Видимо, Христиану было сложнее всего. Ольга рассказывала ситуации, одна рискованнее другой, а он должен был не поднимать головы и не отрывать пера от бумаги.

Вистендаль демонстрировал замечательное терпение. Наверное, ему не раз хотелось взбунтоваться, сказать, что он не хочет иметь ничего общего с ее прошлым, но он выполнил свою роль до конца.

Смольевский тоже был как бы посредник. Человек, связывавший прошлое и будущее. Правда, как уже ясно, многого он никак не мог принять.

Возможно, он думал, что делает это и за Христиана. Что так самые близкие Ольге люди пытаются заставить ее не говорить лишнего.

Впрочем, что-то его постоянно сдерживало. Все-таки эти тексты — наравне со всеми прочими событиями и обстоятельствами — входили в состав его детских лет.

Даже «ерша» он не вычеркнул. Выбросил только то, что она могла пить стаканами, — уж это точно было выше его сил.

О ее цельности

Оказалось, все же мало красного карандаша. Ведь Ольга была такой не только в этих ситуациях, но буквально в любом своем проявлении.

Есть такие характеры, которые видны с первого взгляда. Этим людям достаточно появиться, и сразу ясно: она такая, и вряд ли станет какой-то другой.

Как известно, Ваксель пробовала себя в кино и театре. О таланте говорить сложно, но важнейшей для актрисы способностью воплощения в настоящем времени она точно обладала.

Некоторые наиболее яркие ее мгновения можно отнести к ведомству даже не экрана и сцены, а цирка.

Что стоит фокус с превращением занавески в платье или проезды по центральным улицам Питера на велосипеде!

Так что у нее с сыном было явное несовпадение во времени. Арсений Арсеньевич предпочитал минувшее, а для нее смысл жизни заключался в этой минуте.

Вот почему, в первую очередь, он вычеркивал те эпизоды, которые сильнее всего передают жар момента. Говоря о прошлом, Ольга подчас так полно его переживала, что дистанция словно переставала существовать.

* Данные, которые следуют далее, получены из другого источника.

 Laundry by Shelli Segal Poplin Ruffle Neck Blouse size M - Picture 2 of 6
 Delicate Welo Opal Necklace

С этим связаны ее многочисленные «запинки». Все эти «ни к чему и невпопад», о которых сказал Мандельштам. Иногда ее письменная речь становится похожей на устную: эмоции явно мешают думать о точности каждого слова.

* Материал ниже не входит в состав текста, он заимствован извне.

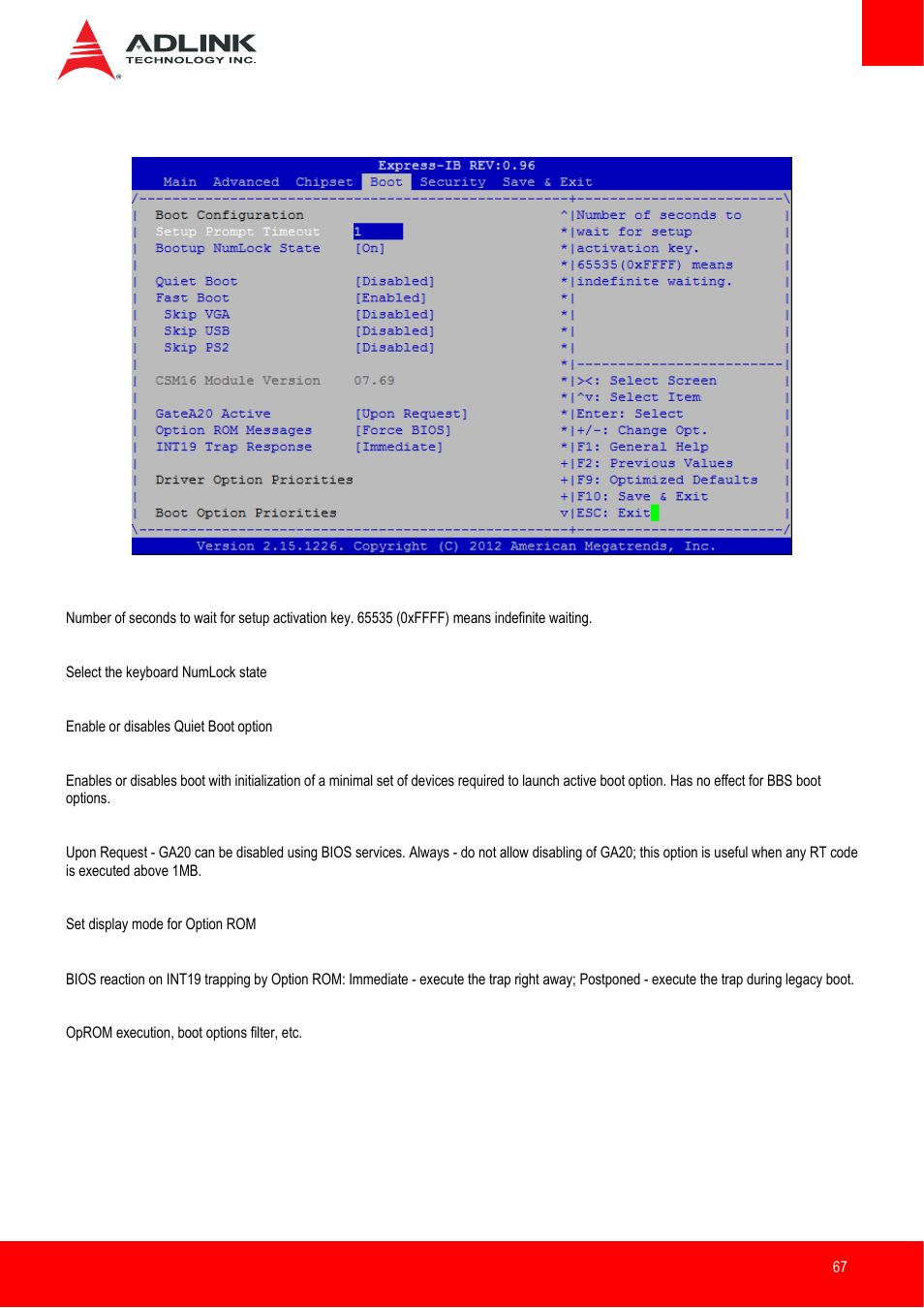 Boot setup | ADLINK Express-IB User Manual | Page 67 / 80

Кстати говоря, некоторая нормативность, присущая Арсению Арсеньевичу, подкреплялась званием кандидата филологических наук. Так что не вмешаться он никак не мог.

Правки в этом случае не так чтобы много. Здесь слово, там буква или две. Общий смысл остается, но что-то все же меняется.

Эти микроскопические вторжения выпрямляли изогнутую проволочку ее речи, делали ее похожей на любую другую.

Пусть Ваксель — автор во многом доморощенный, но ее опыты соотносятся с большими литературными процессами. Вполне возможно, что она знала о технике «потока сознания».

Тут она точно не полагалась на «авось». Понимала, что отказ от прежних приемов требует изменения самого процесса писания.

Привычный обряд с участием настольной лампы, резинок и карандашей превращался чуть ли не в акт актерской импровизации.

Свою позицию Ольга закрепляла мизансценой. Ясно представляешь ее во время совместных с Христианом «сеансов» — то ли диктующей ему, то ли исповедующейся перед ним…

Вряд ли во время работы над мемуарами ей вспоминался Мандельштам, но именно в эти часы они как никогда были единомышленниками.

«У меня нет рукописей, нет записных книжек, нет архива, — писал поэт. — У меня нет почерка, потому что я никогда не пишу. Я один в России работаю с голоса, а кругом густопсовая сволочь пишет. Какой я к черту писатель! Пошли вон, дураки!»

Ольга тоже могла сказать так. Для нее, как и для ее знакомого зимы 1925 года, литература прежде всего была высказыванием. Причем не тихой беседой с чистым листом, а напряженным разговором с оппонентом.

В одном случае эту роль брала на себя Надежда Яковлевна, а в другом — Христиан. Уж как непросто было аккумулировать движущуюся на них энергию, но они справились.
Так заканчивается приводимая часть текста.